March 6, 2017
Security Plus - Compliance and Operational Security
March 6, 2017
Compliance and Operational Security 2.1
Based on CompTIA’s list of Security + exam objectives (their PDF list of domains is found here: ), this article covers the second domain, Compliance and Operational Security 2.0, with its first sub-heading (2.1).
This document is only an add-on to your normal avenue of Security + training. Here I try to use plain language and examples to help you understand the concepts, rather than diving into the technical details (which are a must for a security practitioner).
Best wishes on your exam!
2.1 Explain the importance of risk related concepts.
• Control types
Security thrives on control. These are the 3 types to know about. You need multiple layers of control, called Defense in Depth, so no one of these controls is sufficient.
- TechnicalThese controls can be hardware or software and are logical and technological. A physical lock is not considered technical, but encryption is. Firewalls and IDSs are technical, also. Technical may sound really technical, but it’s really just the stuff you use all the time to keep your network, data, and users safe and secure.
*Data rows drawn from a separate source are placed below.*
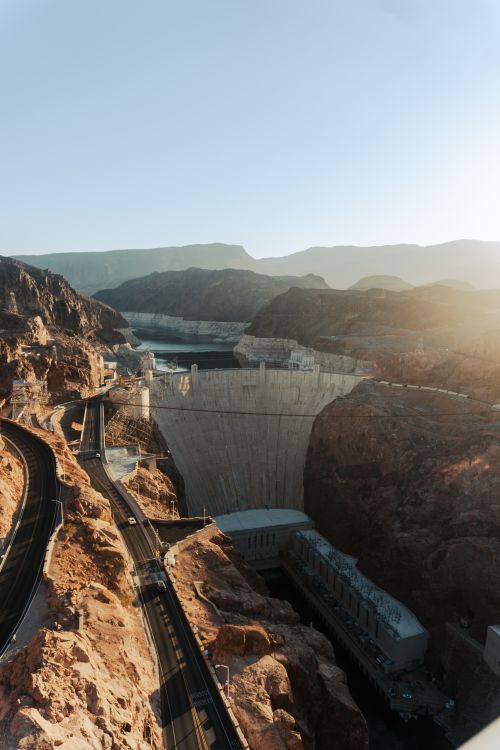 Free Breathtaking aerial view of Hoover Dam with surrounding landscapes at sunset. Stock Photo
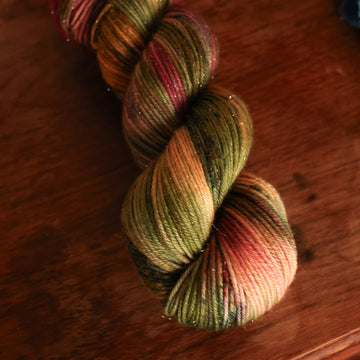 DK Sparkle yarn colored dark shades of green with some reds and yellows mixed in, on top of a brown wooden table and a golden pot in the corner with a plant peaking out.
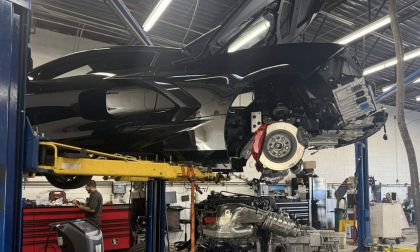 Chevrolet Corvette C8 on a lift with engine removed for repair inside an automotive service workshop.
The focus is on decision-making and managing risk, typically by the organization’s managers and executives. There’s a lot of risk assessment, planning, written policy creation, and project management that goes on. This needs to happen because they’re the business leaders, and IT needs to support the business.
These controls are used by people (typically not the managers), and it’s not automated like the Technical controls. These controls include incident response, personnel security, and training. While they’re not automated, these controls can certainly have alerts set up so it’s not completely manual.
These controls are needed because the Technical controls don’t know about people and can’t turn on a dime, and Management is busy dealing with the overall business needs.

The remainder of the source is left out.